While leading Heritage School of Interior Design continues to be deeply meaningful and powerful work for Stephanie, she sees herself now in a new phase of leadership. A former tennis player, Stephanie thinks of it as being in “the second set” of her life-one in which her experiences sharing her personal history and trauma might help empower others in their own journeys to overcome trauma. “I lived too many years separated from this,” she reflects. “I tried to put it away, hide it, tuck it away, act like it’s not there-and I really wasn’t ever myself. Now I can just talk about it.”

Stephanie hopes that through leading by example-by sharing the story of her own past traumas-she will help others to understand that their own traumas might ultimately create resilience. “The beautiful part about sharing my story,” Stephanie admits, “is that so many people have written to me and said, ‘I have this same story. You have helped me to be able to come out and talk about my story, and have inspired me to not feel so alone.’” She hopes to amplify her message further by sharing more stories of others who have overcome unimaginable circumstances on her soon-to-be-released podcast, Overcoming.

Yet despite her many achievements, Stephanie still struggles from time to time with recurring notions of fear and doubt that still linger from her past. “I think as much as I’m fierce,” she reflects, “I’m still really afraid. I still have moments where I wonder what I’m doing-where I ask myself why I don’t lay down and take the easy street.” In many ways, Stephanie’s relentless drive is a way, she admits, of keeping herself protected. “I don’t want to go back to feeling like nothing, like nobody, and alone. That drives me to continue on in my growth.”

One of her biggest accomplishments in recent months was having been invited to appear as a part of writer and podcast host Zibby Owens ‘ popular book club. Though she didn’t realize it when she agreed to participate, Stephanie discovered that as part of the book club not only would her book be rated, but the group would rate her as a speaker. “I got a 9.75,” she recalls proudly, “which is the highest rating of every author they’ve hosted. That was like winning the Olympics for me.”
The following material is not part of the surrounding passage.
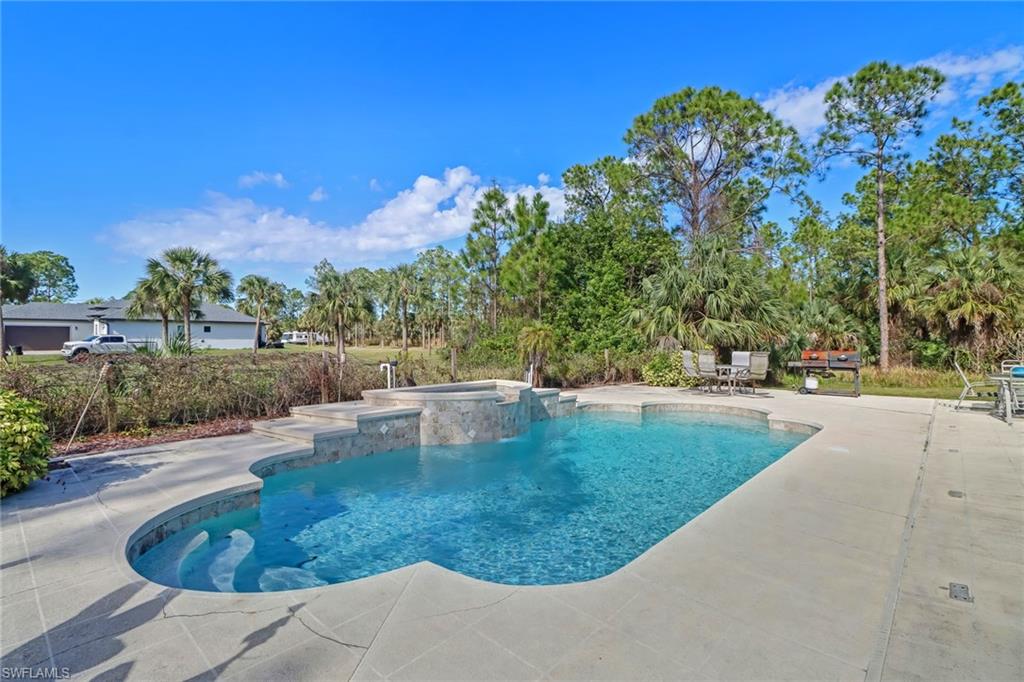 985 Everglades BLVD S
With that in mind, Stephanie’s next growth edge might just be letting her burgeoning sense of self-worth and her vision for doing what she loves steer her path forward-rather than letting fear do the driving. “I feel like a lot of times I’m always just striving and striving and it’s never enough,” she admits. “I’m just getting to the point where I believe I won’t be homeless again.” But after her show stopping book club rating, Stephanie reflects that she was finally, for once, able to register her own worth. “This felt like ‘Wow. You accomplished something,” she recalls, “you earned this.”

Moving forward with hopes for another book on the horizon one day, Stephanie is learning to keep listening to her gut regardless of what her imposter syndrome is saying. “Now I’m really just doing the things I love to do. I love meeting students, I love helping people find jobs. Now I’m sharing not just my story but amazing stories of other people. I’m really enjoying the journey.”

Stephanie acknowledges that through her adverse childhood experiences it feels like parts of herself were also kidnapped as a child, and defines her path of transcending trauma as one of integration. “The integration of my story, my fierceness, and my drive is all coming together to make me a whole person.” No longer afraid of what other may think, she reflects, “My past is not a dark cloud — it’s part of my story and has become a gift in my leadership. My childhood and where I am today are one — and that is the ultimate overcoming.”